The only candidate to have entered the race formally so far is Frenchman Jerome Champagne, an ex-diplomat and former secretary general of FIFA, who left the organisation in 2010.
Champagne, 55, has said that if his former boss Blatter enters the race, he will pull out.
Michel Platini, head of European governing body UEFA, who has crossed swords with Blatter over his running of FIFA, is another potential candidate.
The 58-year-old French football legend said recently that he was the only only person who can beat Blatter.
But Platini, in charge of UEFA since 2007, has still not said whether he will run in the election.
Platini has said he will announce his decision in the second half of the year after seeing any reaction to Blatter’s decision.
During the Blick debate, Blatter played down concerns about preparations for the World Cup in Brazil which runs from June 12 to July 13.
The Brazilian organisers have faced repeated criticism, and FIFA secretary general Jerome Valcke this week said that the governing body had “been through hell” over the football showcase.

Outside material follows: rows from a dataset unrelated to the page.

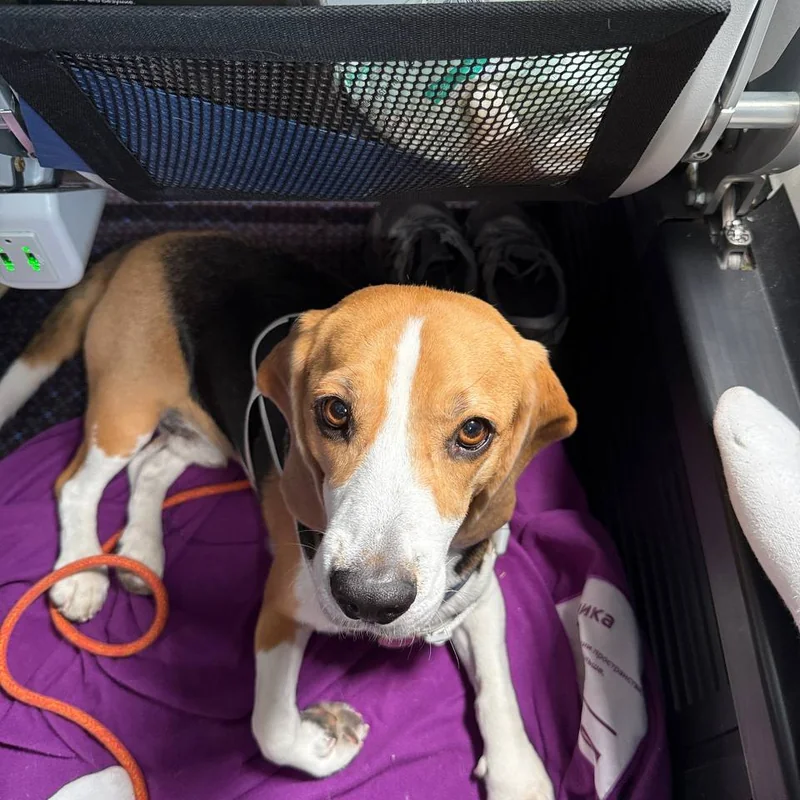 Настя и Чарли — Россия → Португалия (и Европа)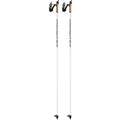 Cross Country Ski Poles H3639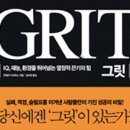 그릿(Grit) 이미지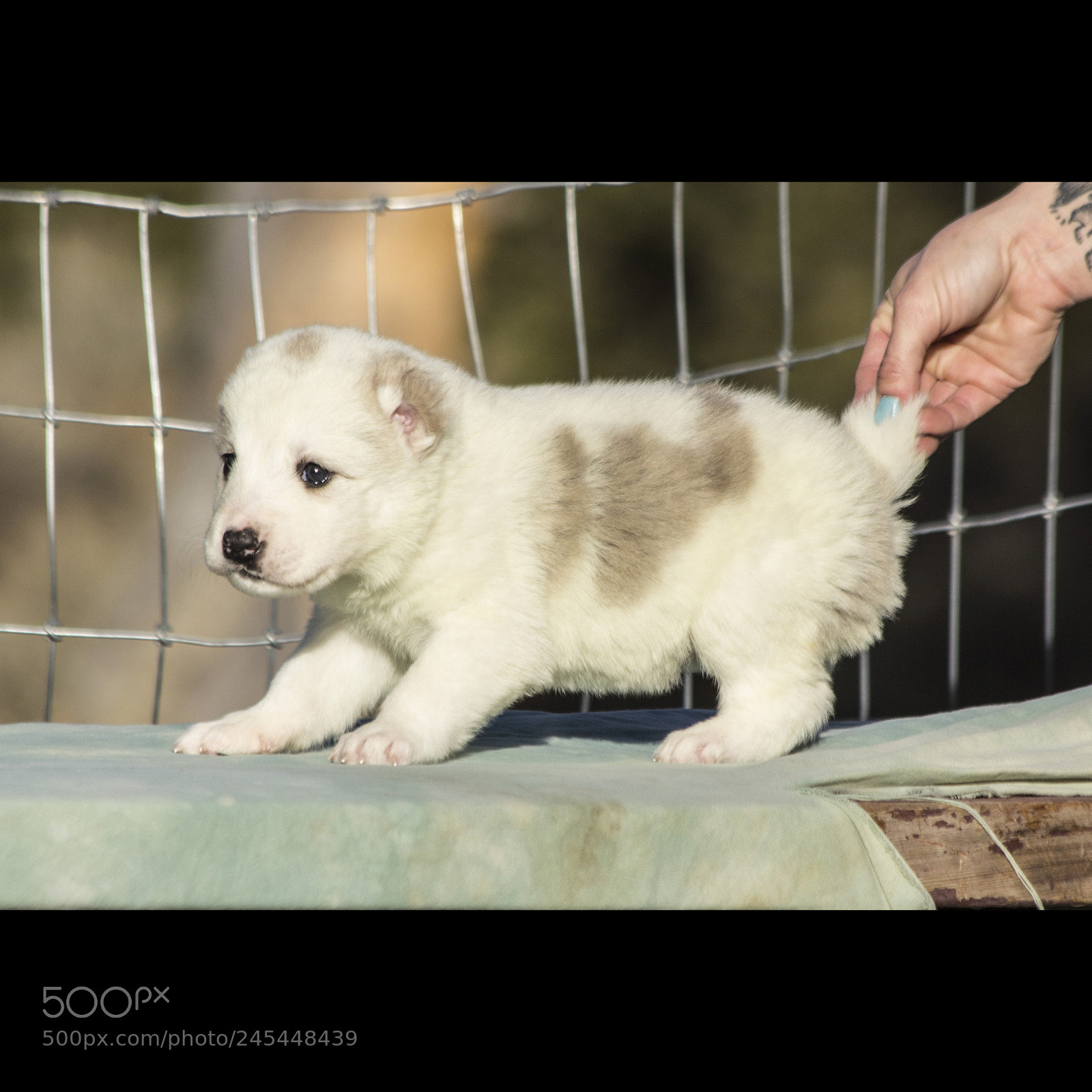 Canon EOS 60D sample photo. Timurxnina-litter2-puppy3-female day 28 c photography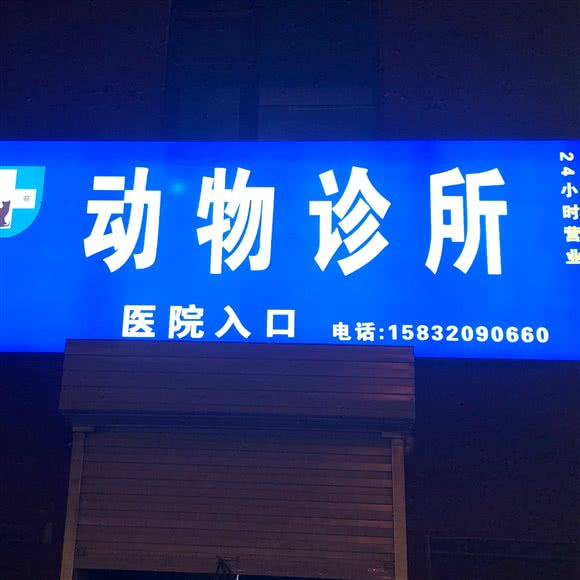 鸿苑宠物医院:邯郸市复兴区赵苑附近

There have been nerve-wracking delays to the completion of stadiums, which forced FIFA to extend its deadline to hand over facilities, and concerns over social protest.
But Blatter insisted that he took things in his stride.
“This is my tenth World Cup. My first was in 1978. Brazil is going to be something huge, really outstanding,” he said.
He reminded his audience that fears had reached fever pitch
ahead of the 2010 World Cup in South Africa, notably over its
reputation as a crime hotspot
“Four years ago, ahead of South Africa, people were saying how dangerous it would be at the World Cup. And nothing happened!” Blatter said.
“Nothing is 100 percent ready before any World Cup,” he added.